### [Problem to work on]
The answer must be an exact printing of every record below, with the pictures omitted.

*** Opening Records to process ***

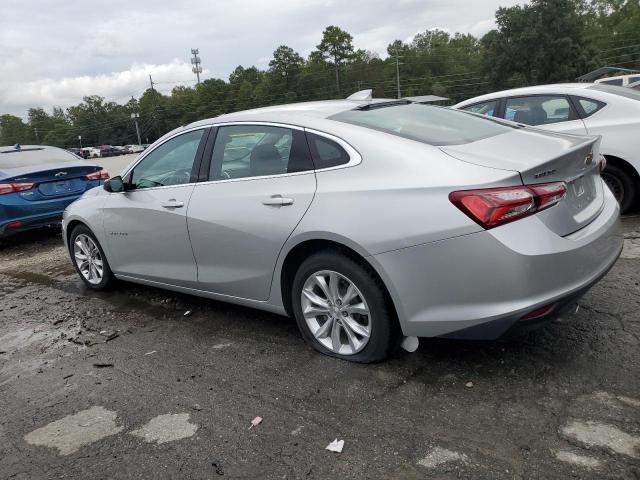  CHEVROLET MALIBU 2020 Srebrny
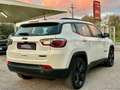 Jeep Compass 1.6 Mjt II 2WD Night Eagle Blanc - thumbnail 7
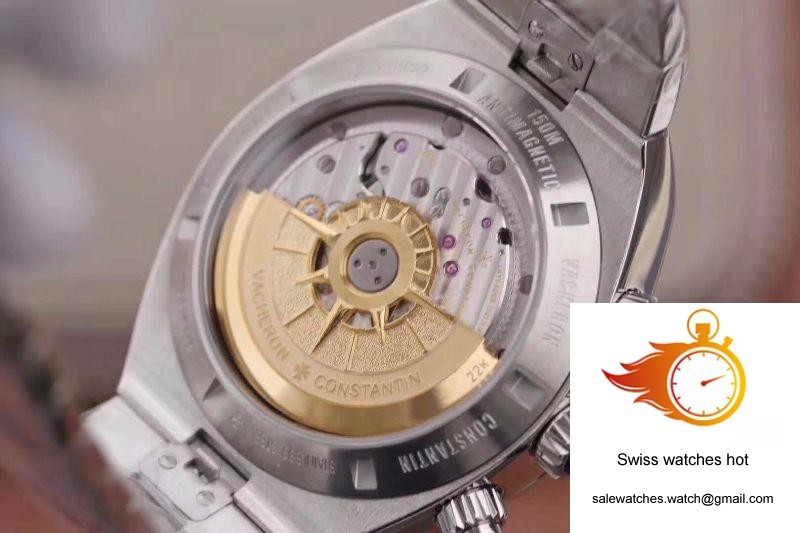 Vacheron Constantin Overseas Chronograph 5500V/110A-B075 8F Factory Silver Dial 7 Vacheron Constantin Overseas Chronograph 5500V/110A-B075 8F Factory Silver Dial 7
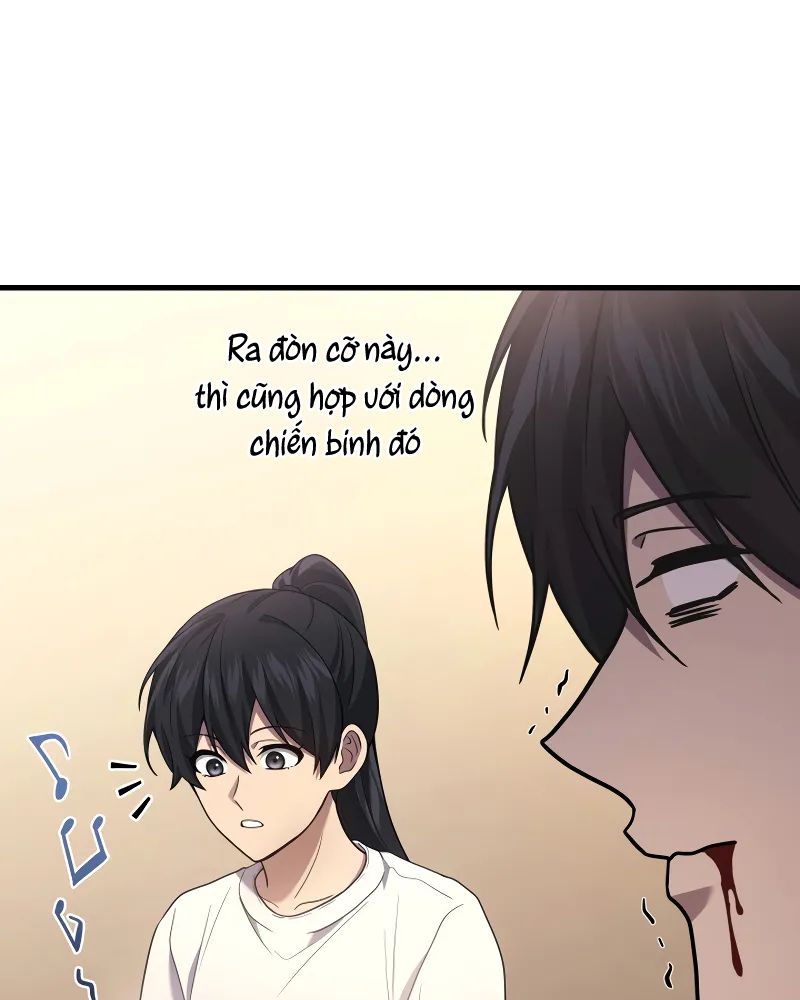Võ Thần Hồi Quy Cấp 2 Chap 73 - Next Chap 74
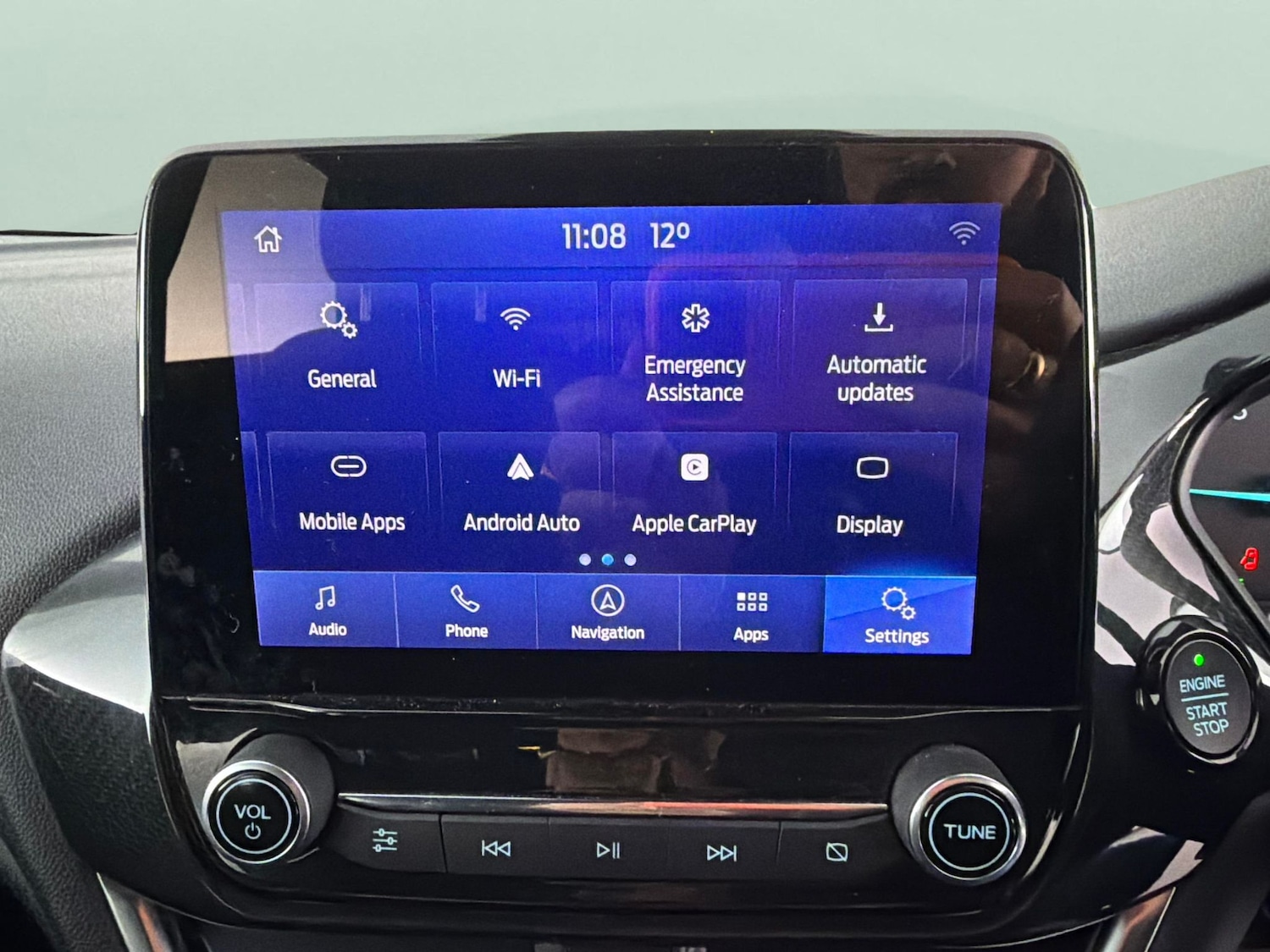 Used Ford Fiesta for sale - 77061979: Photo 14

*** Closing Records to process ***

### [Task output]
  CHEVROLET MALIBU 2020 Srebrny
 Jeep Compass 1.6 Mjt II 2WD Night Eagle Blanc - thumbnail 7
 Vacheron Constantin Overseas Chronograph 5500V/110A-B075 8F Factory Silver Dial 7 Vacheron Constantin Overseas Chronograph 5500V/110A-B075 8F Factory Silver Dial 7
Võ Thần Hồi Quy Cấp 2 Chap 73 - Next Chap 74
 Used Ford Fiesta for sale - 77061979: Photo 14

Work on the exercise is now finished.